Soft Toilet Paper: Mankind’s Doom? By Ryan Young
Open Market/CEI, February 28, 2009 @ 5:38 pm
The kerfuffle over soft toilet paper has hit a new low. The NRDC’s Allen Hershkowitz is now saying that “People just don’t understand that softness equals ecological destruction.”
I had to chuckle after reading that last sentence (it is silly, is it not?). But then I decided to take Hershkowitz seriously. Hardcore environmentalists like the NRDC are sometimes loosey-goosey with the data; science and their religion rarely get along.
Let’s see how big the impact of softer toilet paper really is. Maybe, hyperbole aside, Hershkowitz has a point. Let’s look at the data and find out.

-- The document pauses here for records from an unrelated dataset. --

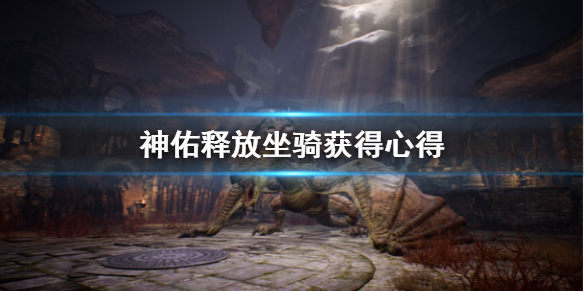 《神佑释放》坐骑怎么抓？坐骑获得心得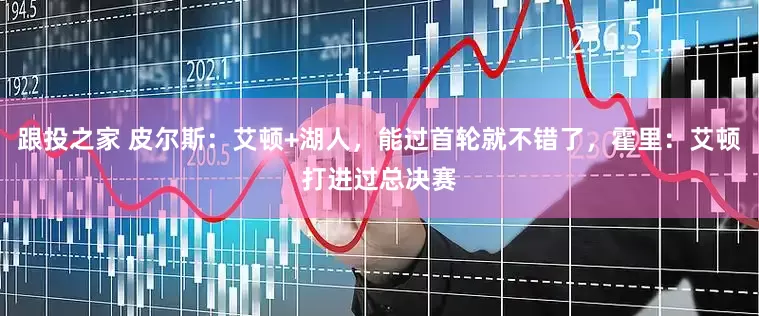 跟投之家 皮尔斯：艾顿+湖人，能过首轮就不错了，霍里：艾顿打进过总决赛
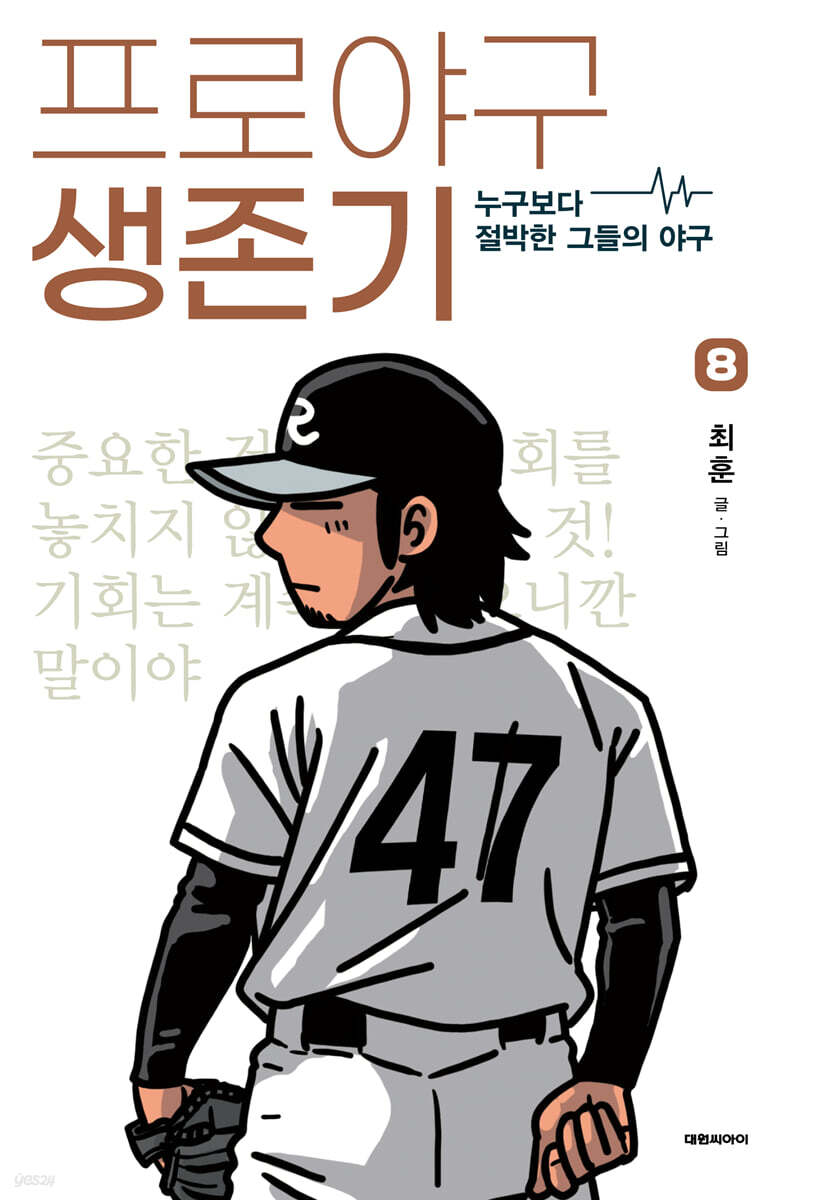 프로야구 생존기 8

Despite the proliferation of tree-intensive soft toilet paper, forest area in the U.S. has remained almost unchanged over the last century. Right around 33% of total land area.

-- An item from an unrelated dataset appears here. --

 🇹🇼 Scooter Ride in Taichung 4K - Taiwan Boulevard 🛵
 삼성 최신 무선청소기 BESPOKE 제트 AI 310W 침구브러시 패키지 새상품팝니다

Over that same time period, U.S. population more than tripled. That’s a lot more bottoms, demanding ever softer toilet paper. And yet — no net deforestation.
That doesn’t sound like ecological destruction. To use one of the New Religion’s buzzwords, that sounds… sustainable.

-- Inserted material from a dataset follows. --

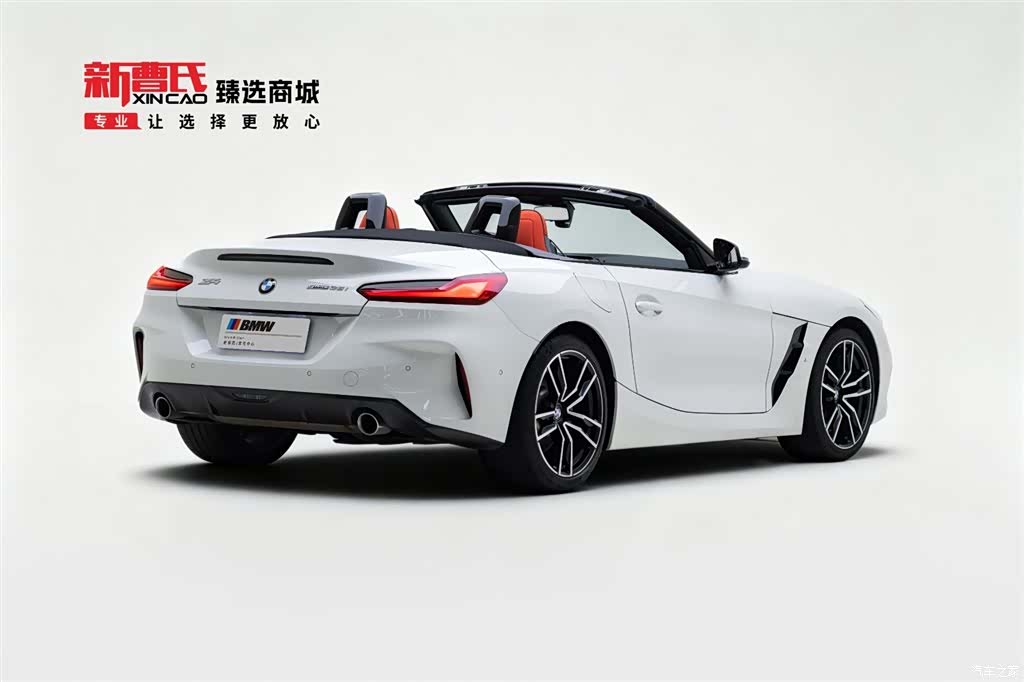 BMW Z4, 2023 3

Deforestation is happening on a worldwide scale, according to a handy table from the Earth Policy Institute (data from the UN). They try to make it sound scary, but it isn’t. I crunched the numbers. The decline amounts to roughly 0.2% per year. Not exactly a crisis. Even that slow rate appears to be in decline.
I’m going to go ahead and say that Hershkowitz and the NRDC are promoting a baseless scare story.
There is still a tremendous upside to all this hemming and hawing. If toilet paper is all that environmental activists have to get worked up over these days, it is a sign that, environmentally speaking, we live in good times.